An Empirical Study of Stochastic Variational Algorithms for the Beta Bernoulli Process
Amar Shah, David A. Knowles, Zoubin Ghahramani

TL;DR
This paper empirically evaluates stochastic variational algorithms for beta process factor analysis, revealing that modeling intra-local variable dependence enhances performance, with findings consistent with prior results in LDA but with important differences.
Contribution
It extends the understanding of stochastic variational inference from LDA to sparse latent factor models, highlighting the importance of modeling intra-local dependencies.
Findings
Gibbs sampling within SVI effectively maintains posterior dependencies.
Modeling intra-local variable dependence improves BPFA performance.

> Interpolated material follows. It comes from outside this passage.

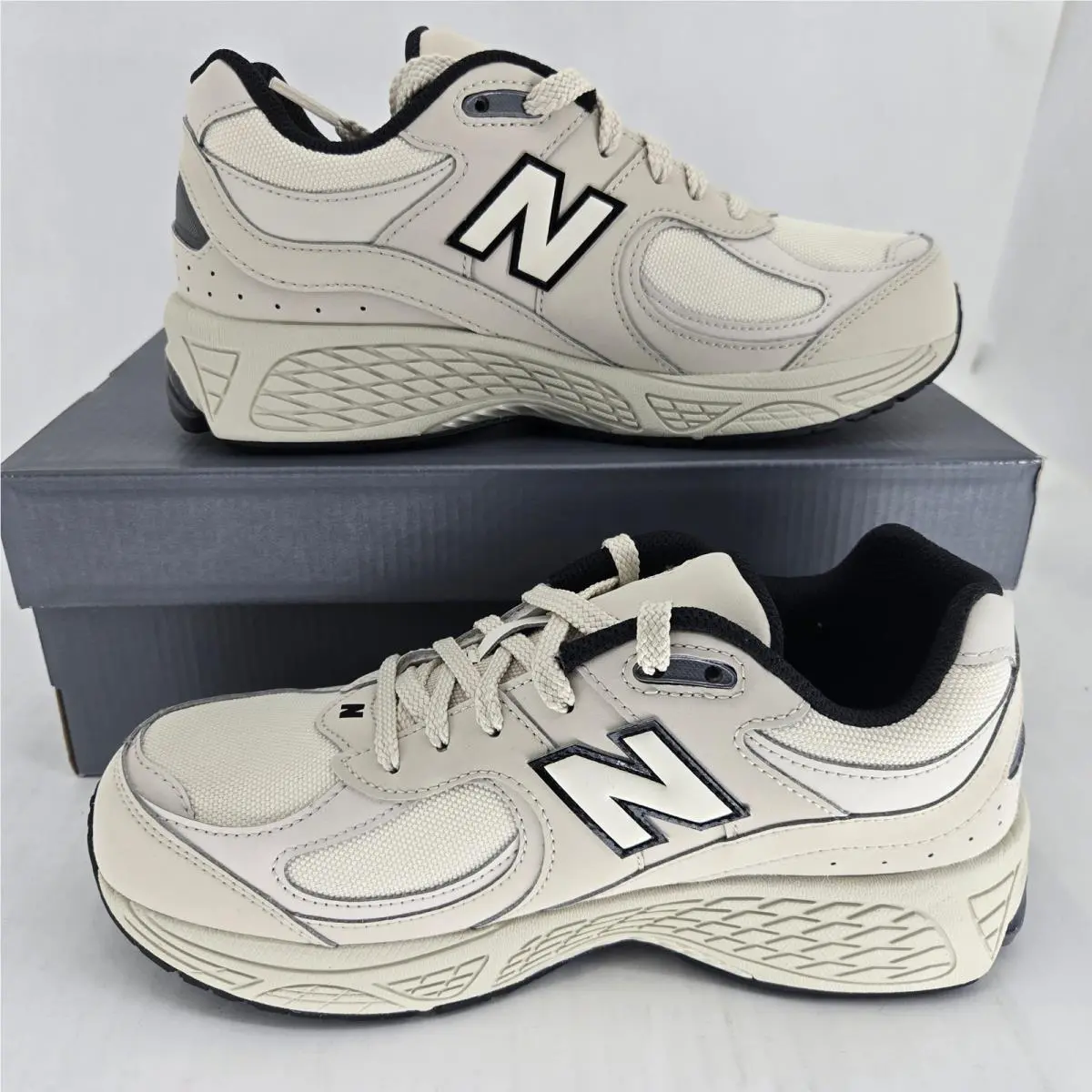 New Balance shoes - New Balance 2002R - Gray 0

Results are consistent with LDA but show key differences in posterior dependencies.
Abstract
Stochastic variational inference (SVI) is emerging as the most promising candidate for scaling inference in Bayesian probabilistic models to large datasets. However, the performance of these methods has been assessed primarily in the context of Bayesian topic models, particularly latent Dirichlet allocation (LDA). Deriving several new algorithms, and using synthetic, image and genomic datasets, we investigate whether the understanding gleaned from LDA applies in the setting of sparse latent factor models, specifically beta process factor analysis (BPFA). We demonstrate that the big picture is consistent: using Gibbs sampling within SVI to maintain certain posterior dependencies is extremely effective. However, we find that different posterior dependencies are important in BPFA relative to LDA. Particularly, approximations able to model intra-local variable dependence perform best.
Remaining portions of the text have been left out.